**Required action**.
An exact copy of all the data is required, with pictures left out.

[[ Dataset extract, beginning ]]

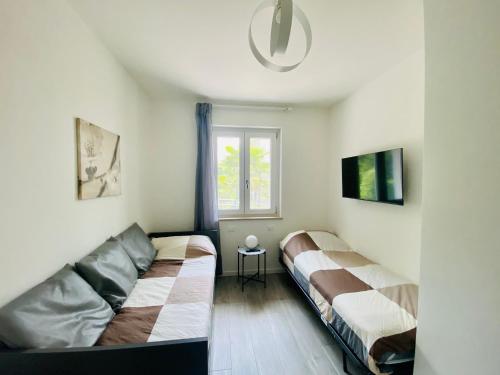 een woonkamer met 2 bedden en een raam bij C'era una volta Villaggio Ideal in Bardolino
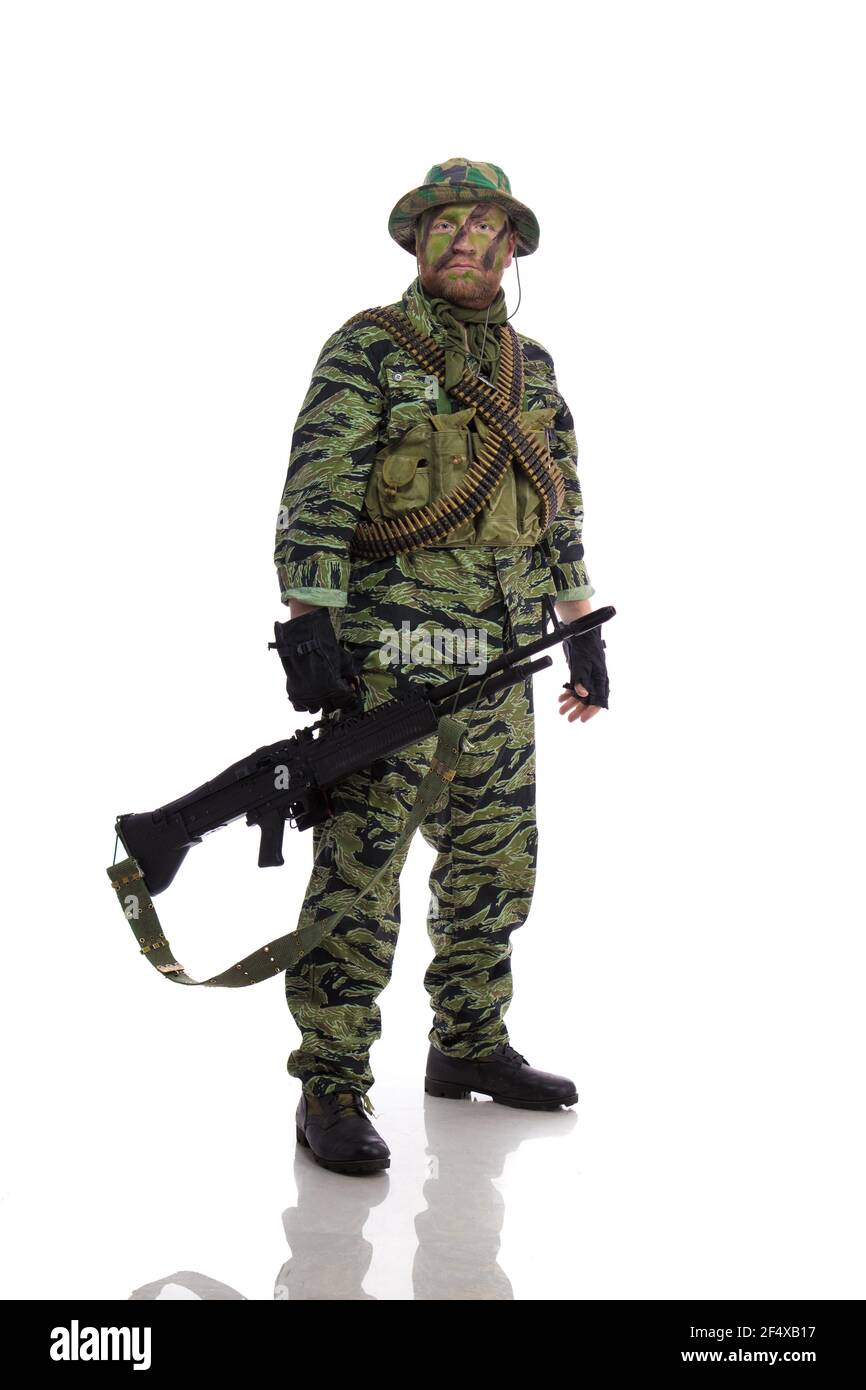 Man actor in the form of an American fur seal posing on a white background. Special Forces in Vietnam, 1970's. Stock Photo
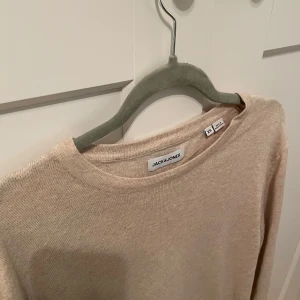 Beige skön tröja från Jack & Jones - Säljer en stilren beige skön tröja från Jack & Jones. Perfekt för en avslappnad look. Tröjan har en enkel design med rund hals och är tillverkad i ett mjukt material. Helt oanvänd! Nypris:899kr, bara höra av sig vid frågor!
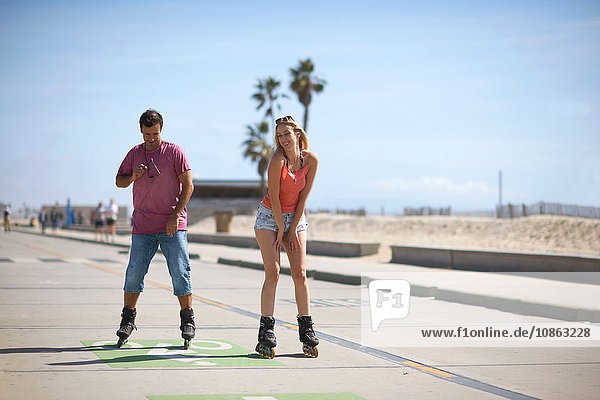 Couple rollerblading outdoors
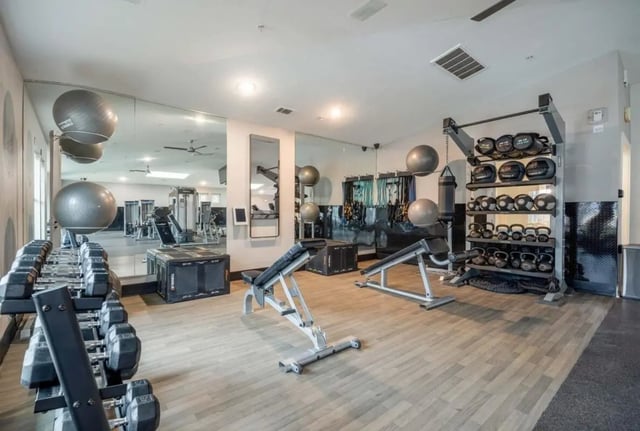 Dumbbells exercise balls benches workout equipment gym at Cabana Beach San Marcos in San Marcos Student Accommodation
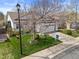 Well-maintained home with lush lawn, garden beds, and a 'For Sale' sign at 5133 S Liverpool Way, Centennial, CO 80015
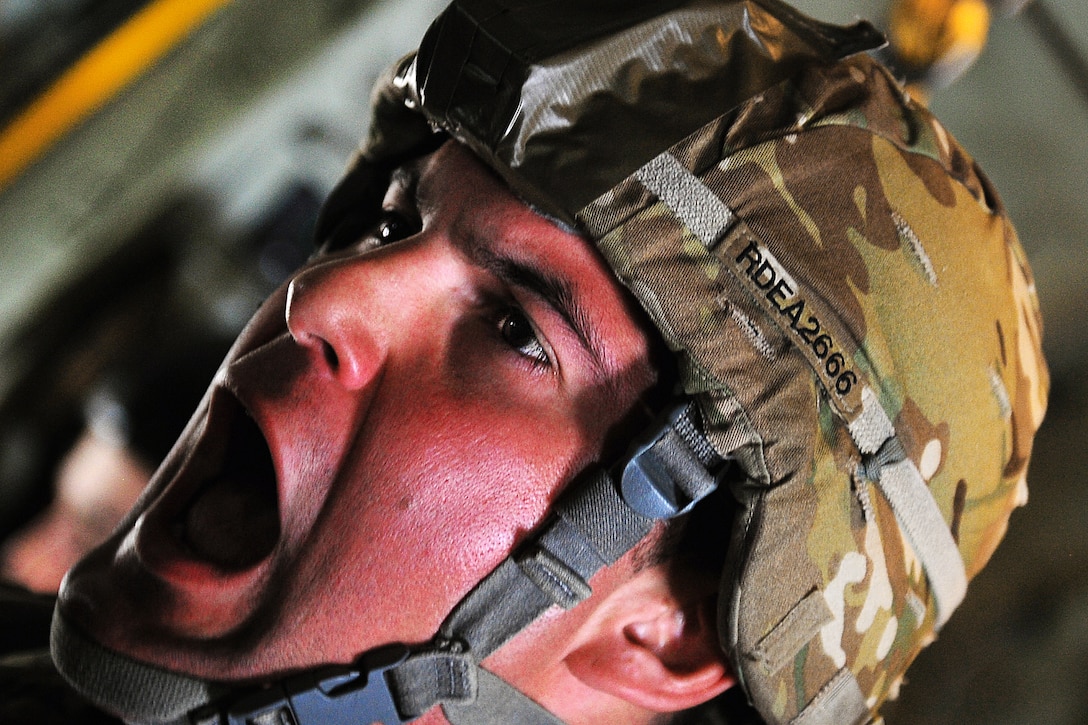 Army Staff Sgt. Matthew Alarcon gives jump instructions during a joint operational access exercise on Pope Field, N.C., Feb. 10, 2012. Alarcon is a jumpmaster assigned to the 82nd Airborne Division's 1st Battalion, 505th Parachute Infantry Regiment, 3rd Brigade Combat Team.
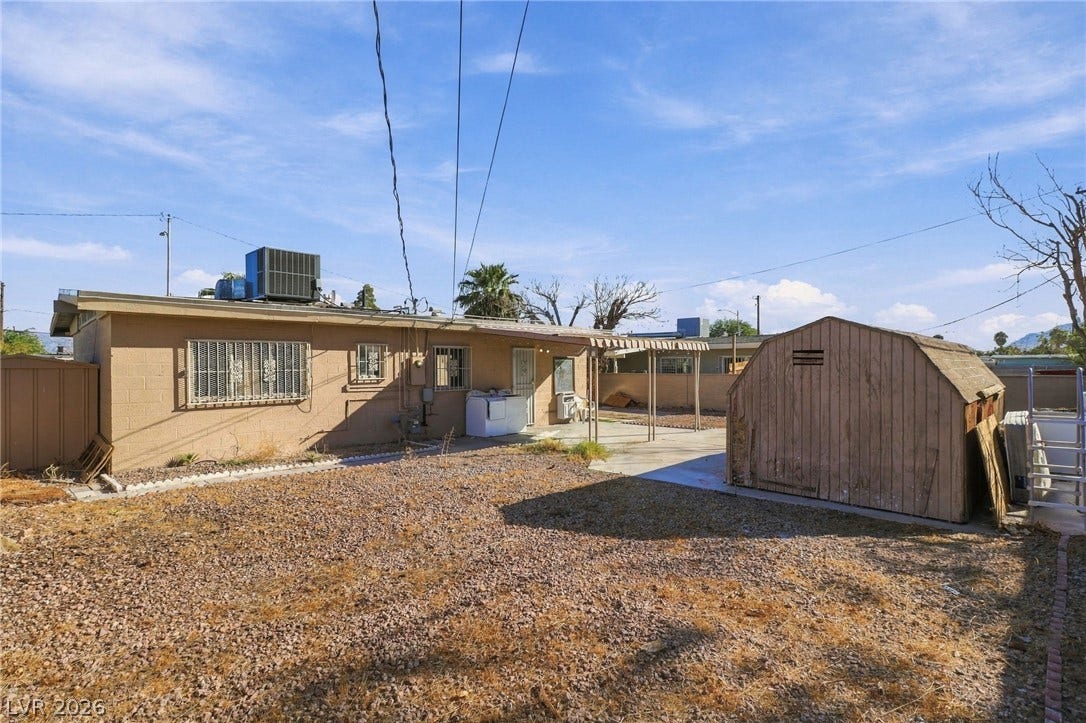 2521 Perliter Avenue, North Las Vegas, NV 89030 A spacious backyard area includes a concrete patio and a free-standing wooden storage shed.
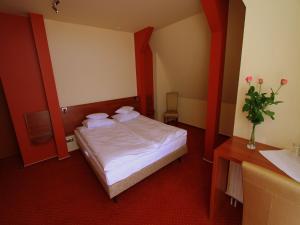 Posteľ alebo postele v izbe v ubytovaní Hotel Rydzewski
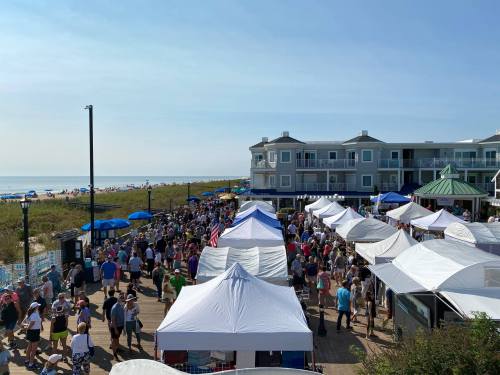 A bustling beachside market with white tents, crowds of people, and a view of the ocean in the background.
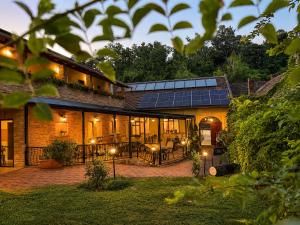 a house with solar panels on the side of it at Rooms Villa Iva in Ilok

[[ Dataset extract, end ]]

**Response to the exercise**.
 een woonkamer met 2 bedden en een raam bij C'era una volta Villaggio Ideal in Bardolino
 Man actor in the form of an American fur seal posing on a white background. Special Forces in Vietnam, 1970's. Stock Photo
 Beige skön tröja från Jack & Jones - Säljer en stilren beige skön tröja från Jack & Jones. Perfekt för en avslappnad look. Tröjan har en enkel design med rund hals och är tillverkad i ett mjukt material. Helt oanvänd! Nypris:899kr, bara höra av sig vid frågor!
 Couple rollerblading outdoors
 Dumbbells exercise balls benches workout equipment gym at Cabana Beach San Marcos in San Marcos Student Accommodation
 Well-maintained home with lush lawn, garden beds, and a 'For Sale' sign at 5133 S Liverpool Way, Centennial, CO 80015
 Army Staff Sgt. Matthew Alarcon gives jump instructions during a joint operational access exercise on Pope Field, N.C., Feb. 10, 2012. Alarcon is a jumpmaster assigned to the 82nd Airborne Division's 1st Battalion, 505th Parachute Infantry Regiment, 3rd Brigade Combat Team.
 2521 Perliter Avenue, North Las Vegas, NV 89030 A spacious backyard area includes a concrete patio and a free-standing wooden storage shed.
 Posteľ alebo postele v izbe v ubytovaní Hotel Rydzewski
 A bustling beachside market with white tents, crowds of people, and a view of the ocean in the background.
 a house with solar panels on the side of it at Rooms Villa Iva in Ilok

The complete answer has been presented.